Baca(an) dan Menghibur
Bandung Mawardi
Pada suatu masa, Ibu Sud menggubah lagu dengan
judul panjang: Aku Anak Indonesia Penerus
Pembangunan Tanah Airku. Sejak masa 1920-an, Ibu Sud jarang membuat judul
panjang untuk ratusan lagu. Judul panjang itu mungkin berkaitan deru
pembangunan nasional di masa Orde Baru. Lirik di lagu: Kami putra putri Indonesia/ bertekad bulat teguh berjanji/ menuntut
ilmu agar mandiri/ unttuk membangun ibu pertiwi/ mari kawan kita wujudkan.
Lagu tak terkenal, jarang dihapalkan murid-murid di SD atau SMP. Lagu pernah
ada mengingatkan ke bocah-bocah Indonesia agar berilmu.

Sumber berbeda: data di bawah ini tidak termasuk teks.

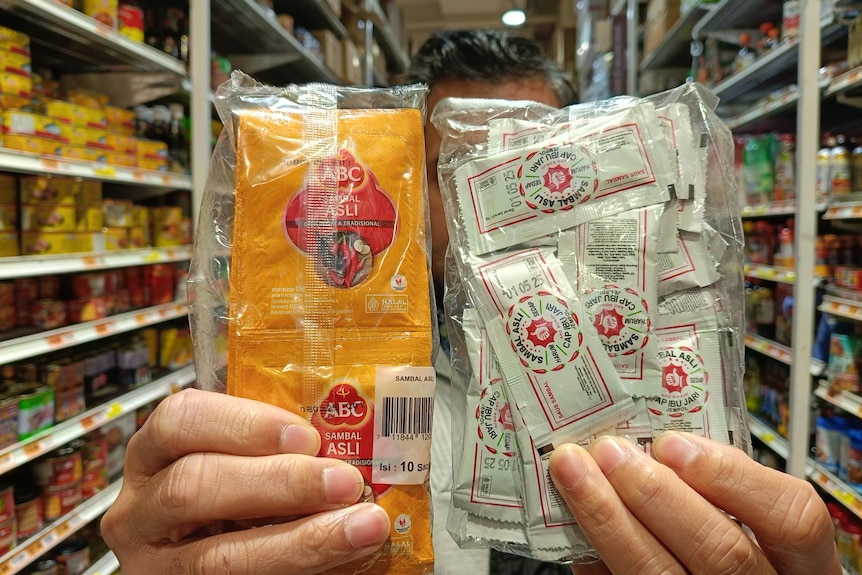 A man handed two packets of chili sauce in sachets towards the camera.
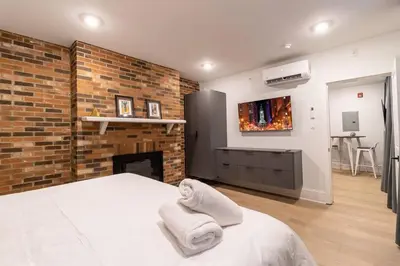 a bedroom with a brick wall and a bed and a fireplace at Thena Hotel - Oversized 1 Bedroom in Philadelphia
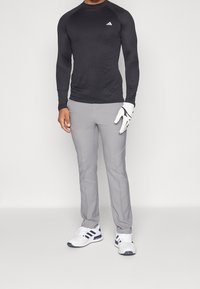 Mustat pitkähihaiset urheilupaidat, joissa on valkoinen logo, yhdistettynä vaaleanharmaisiin housuihin ja valkoisiin lenkkareihin, joissa on tummansinisiä raitoja. Golfkätensä on vasemmassa kädessä.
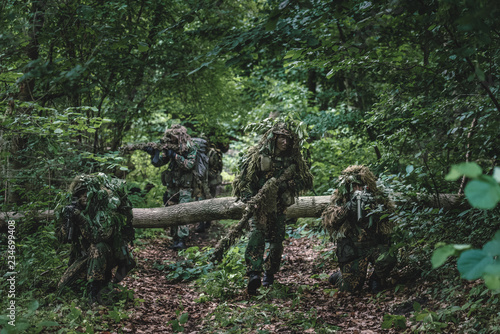 Camouflaged soldiers in forest during summer on patrol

Lagu itu ada dalam buku
berjudul Seruling: Kumpulan Lagu
Anak-Anak (1992). Dulu, lagu mengajak bocah berilmu. Nah, ilmu digunakan
dalam memuliakan Indonesia.
Pada masa Orde Baru, lagu bisa jadi propaganda
pembangunan nasional. Buku pun memiliki peran dan pengaruh besar ke bocah.

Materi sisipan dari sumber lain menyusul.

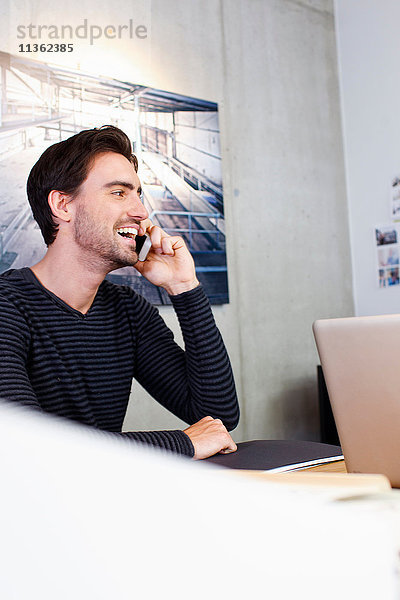 Mann im Büro benutzt Mobiltelefon und schaut lächelnd weg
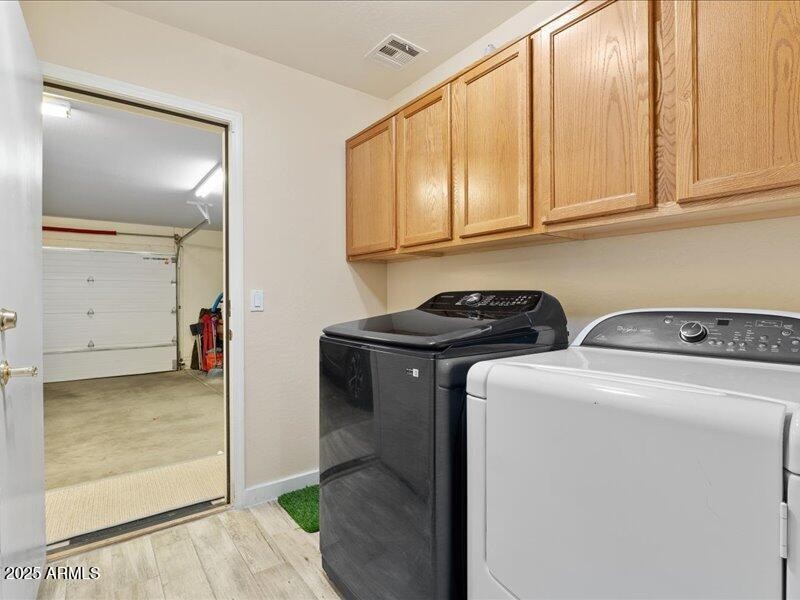 Laundry roomwith cabinets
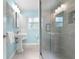 Bathroom with pedestal sink, light blue walls and shower at 4810 Bay Shore Rd, Sarasota, FL 34234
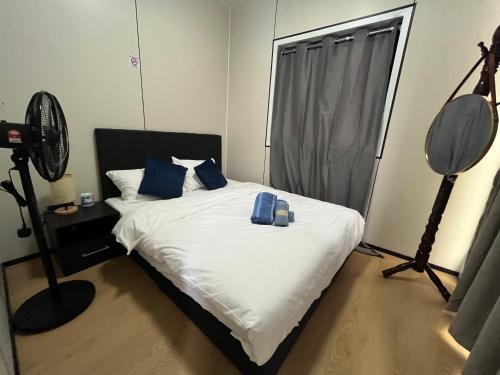 En eller flere senge i et værelse på Grace Mt Kinabalu Pods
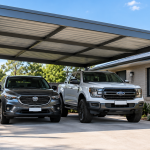 carport with 2 cars parked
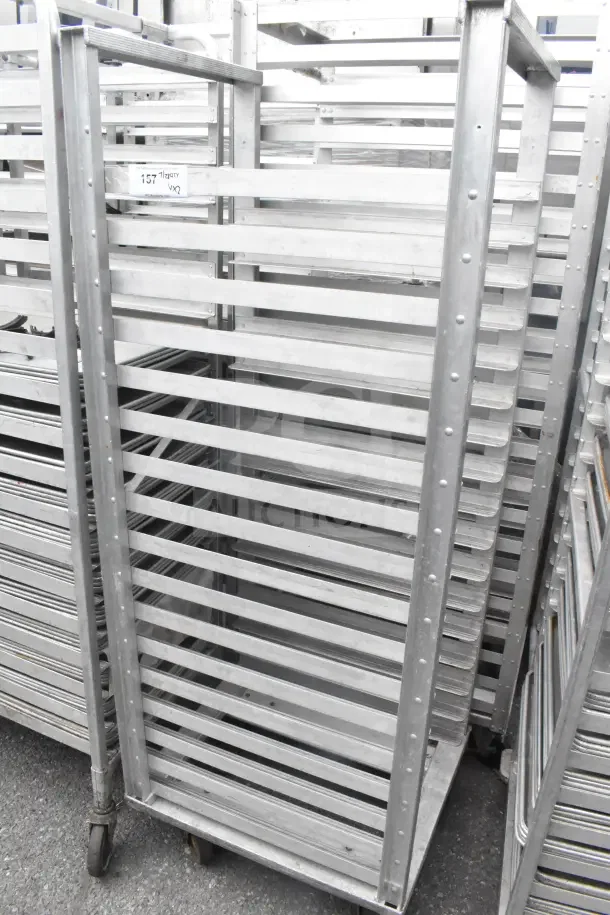 Two commercial aluminum pan transport racks with multiple shelves, on wheels for easy mobility, in good condition.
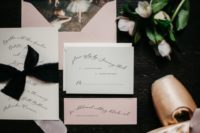 07 The wedding invitation suite was done in blush and white with black calligraphy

Tjetjep Endang menulis buku berjudul Si
Ohim: Merintis Jalan ke Kemajuan. Buku terbitan Pustaka Jaya, 1983. Judul
buku sudah gamblang. Cerita menginginkaan kontribusi di pembangunan nasiolan,
terutama dalam pendidikan-pengajaran. Buku cerita tak sederhana dihiasi
gambar-gambar oleh Wakidjan. Cerita untuk dinikmati bocah dan remaja.

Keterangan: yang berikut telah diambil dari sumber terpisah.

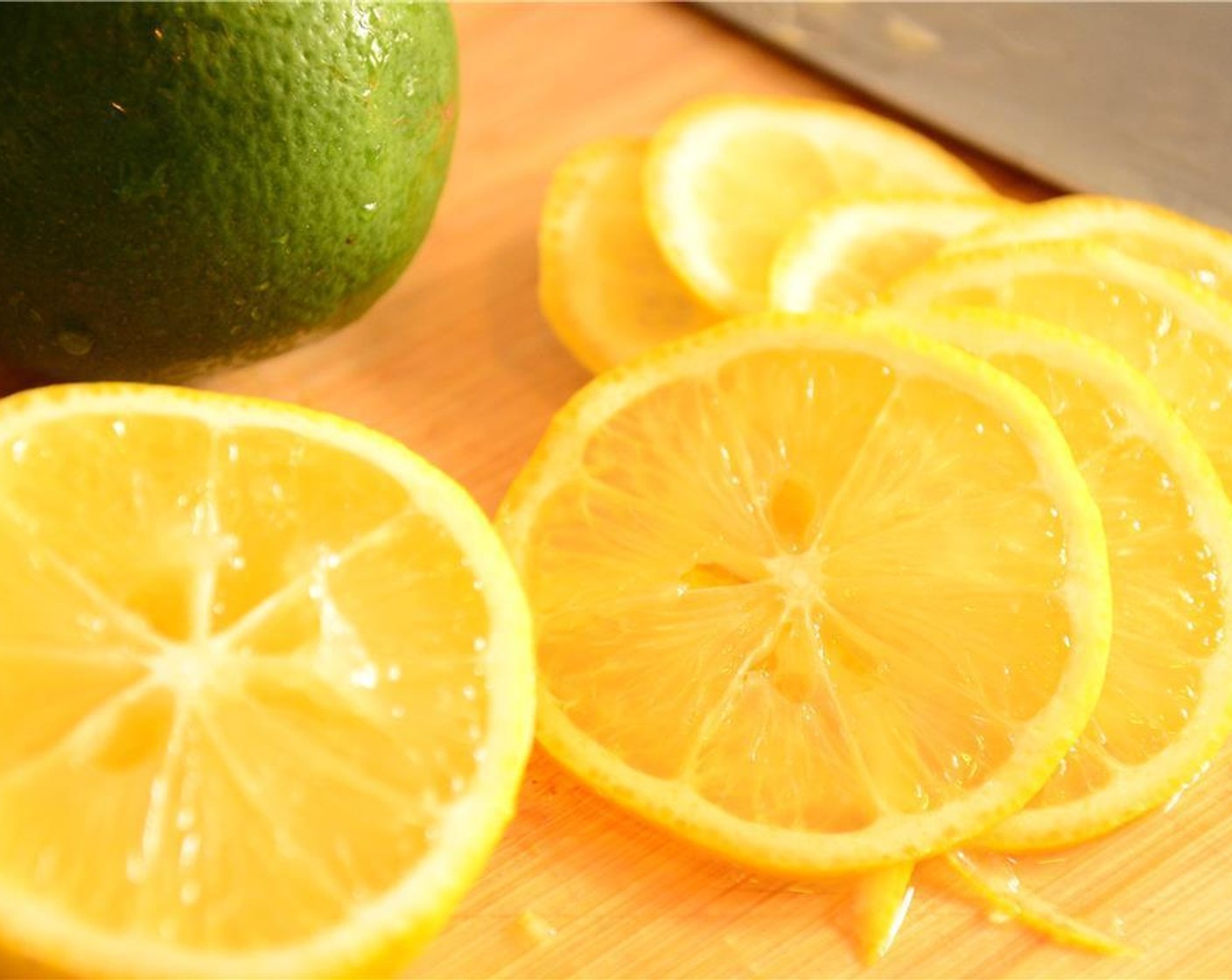 step 3 Slice the lemon and lime into thin wheels and remove the seeds.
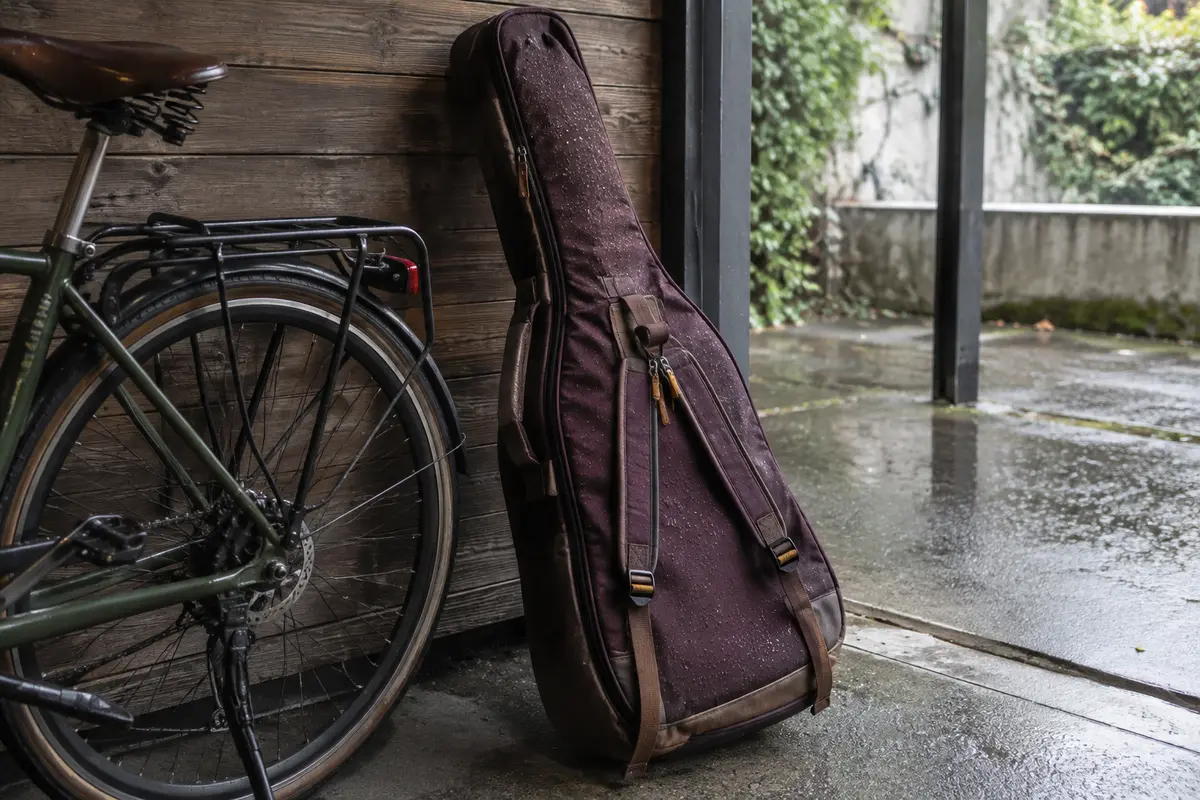 Housse rembourrée près d’un vélo sous un abri, avec des gouttes de pluie visibles sur le tissu.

Di pagi hari, Ohim dan teman-teman piket alias
jatah membersihkan kelas. Mereka bekerja sambil bercakap dan berlagu. Sekian
menit berlalu untuk bersih-bersih, Ohim mengalami peristiwa biasa tapi
berdampak menakjubkan. Tjetjep mengisahkan: “Tiba-tiba matanya tertuju pada
secarik kertas koran bekas pembungkus kacang tanah. Ia melihat gambar seorang
laki-laki berbadan kekar dan berbentuk segi tiga sedang menikam seekor buaya
dengan pisau belatinya. Koran itu dipungutnya. Ternyata gambar itu merupakan
gambar pertama sebuah cergam…” Ohim membaca bergairah dan cermat. Koran bekas
telah tepat bertemu pembaca masih ingusan. Koran berkhasiat. Pada hari penemuan
koran bekas, Ohim sanggup mengikuti sekian pelajaran dengan girang. Ia menjawab
soal-soal dari guru dengan benar. “Bila aku tidak membacanya, mana mungkin aku
dapat menjawabnya,” pengakuan Ohim atas penasaran teman-teman di kelas. Sejak
pagi bertemu koran bekas wadah kacang, Ohim berjanji “akan mulai banyak membaca
dan menggali pengetahuan.”
Penggunaan bahasa Indonesia di koran sangat
membantu Ohim dalam mengikuti pelajaran
bahasa Indonesia. Koran jadi sumber belajar, selain guru dan buku
pelajaran. Kita mengimajinasikan masa 1980-an dengan tokoh lugu bernama Ohim.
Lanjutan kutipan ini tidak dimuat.